Kwoyelo, Thomas (ICD-002/2010)

International Crimes Division of the High Court


September 24, 2018 - September 25, 2018

First trial hearing


1. Stakeholders meeting

On 24 September 2018, the trial panel met with the various stakeholders before the commencement of the proceedings. This interaction session aimed at informing the public about the conduct of the trial, to answer questions, and to receive recommendations from the stakeholders.
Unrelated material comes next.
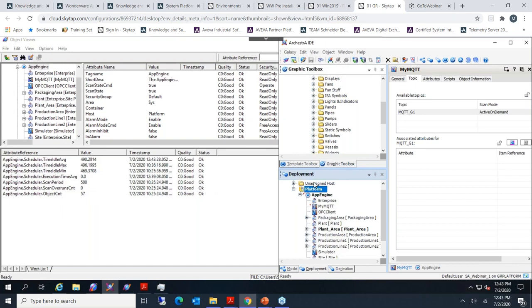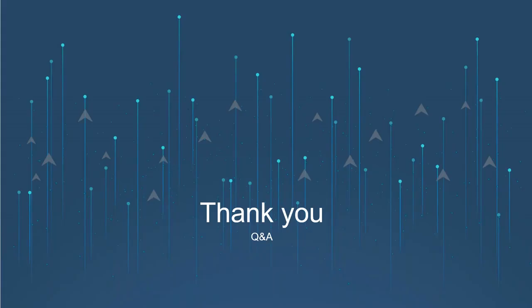It seems there are no more questions for now. Thank you everyone for attending today's webinar. We'll meet you soon with a new webinar topic — until then, stay safe and have a nice weekend. Thank you Monzer, thank you everyone.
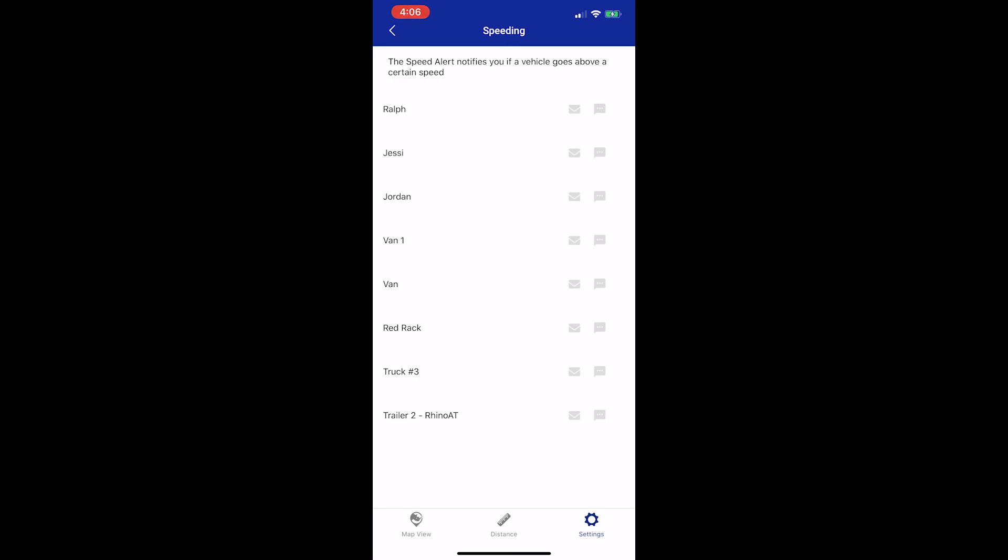You can choose to set up either an email alert by tapping on the envelope or a text message alert by tapping on the speech bubble. To receive text message alerts, you must enter your cell phone number on the desktop version of the application. The email notifications will go to whichever email address you use to log in. Once the alert is on, the icon will turn green. Press the back button in the top left corner to go back to the main notification settings section.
One honorable Justice started by giving a background of the Kwoyelo case before setting the standards which have to be met by the panel while conducting the trial:

  • Conduct a fair trial within a reasonable time, with full respect of the rights of the accused and due regard for the protection of the victims, witnesses, children, women and all other vulnerable persons ;
  • Provide for disclosure of documents ;
  • Ensure adequate preparation for the trial ;
  • Appoint assessors on terms and conditions as the court may decide ;

She concluded by stressing the importance of governement and stakeholders’ support because of the trial’s specificity.

The meeting was followed by an interaction session, during which the civil society raised a number of questions as to the estimated length of the trial, the court’s degree of preparation to victims’ participation, the measures put in place to ensure the protection of witnesses, and the provision of psychosocial support to the victims among others.

In response, one Justice pointed out that altough everyone is yearning for an expeditious trial, the case involves a lot of issues which must all be addressed,  and ground rules which are to be set during a status conference. He noted that the prosecution alone had over 120 witnesses which could take 2-3 years, that the defense would require approximately one year and that the victims counsel would also need time to ensure participation of the victims. This latter aspect would further require the creation and implementation of new procedures. Lastly the court emphasized that although there was no law on witness protection in Uganda, the court had devised means of ensuring the safety of witnesses and victims.

2. Status Conference
The status conference started an hour late because there was no interpreter. The purpose of the conference was to ensure the proper planning of the case, and to set down the rules in order to ensure a speedy trial. It was pointed out that the reading of the indictment and taking plea would take two days.

The Defense counsel informed the court that the accused had not been given anything to eat from the time he was brought to court and that the prison authorities had also denied his family access to visit him. One of the Justice therefore required Kwoyelo to be given his meal at the court instead of prisons. The defense also noted that they were served with the translated indictment just a few minutes before the status conference, depriving the accused of the chance to read and understand the charges brought against him.

The prosecution and the victims counsel confirmed to have taken all the steps required and to be ready for the plea taking, but the latter pointed out that they needed guidance on the status of the victims’ applications for participation, adding that 94 presumed victims were waiting for the trial. The counsel stressed that prosecution ought to disclose all its evidence so as to enable them to know victims with dual status of victim and witness.

Since the ICD Registry guidelines that provide for victims’ participation had not yet been adopted, the counsel invited the court to allow or enable the application of interim standards. He concluded by requesting facilitation to reach out to the victims on a regular basis so as to enable them to represent the views of the victims before the court.

The trial panel concluded that a lot of disclosure had been done and that the accused was not entirely unaware of the case against him or the evidence that prosecution was going to lead. Therefore, the court ordered that the plea taking process begin.

The matter was adjourned to the morning after for the plea taking process.

3. Plea Taking
On Tuesday 25 September, the trial began with the plea taking. As the process commenced, the accused’s lawyer raised objections to the entire processs arguing that the translation was insufficient, that the number of charges brought against the accused were improper, and that the he had not been given the opportunity to go through the translated indictment since they had been served late. The Prosecution dismissed the arguments, and the proceedings were adjourned.

Upon resuming, the trial panel noted that Article 28 (3) (f) of the 1995 constitution provides the right to the assistance of an interpreter for every person who is charged with a criminal offense and that A.28 (3) (c) provides the right to have adequate time and facilities for the preparation of his or her defense.

For those reasons, the trial panel agreed with the defense that the accused was not given sufficient time to prepare his defense before taking plea.

In their rulling, the trial panel made the following orders;

  • That a properly translated indictment be served on the accused and also on the other parties by 2 October 2018.
  • That the Registrar ensured the facilitation of the defense to prepare its defense not later than 12 October 2018.

The case was adjourned to 5 November 2018 while the accused was further remanded into custody.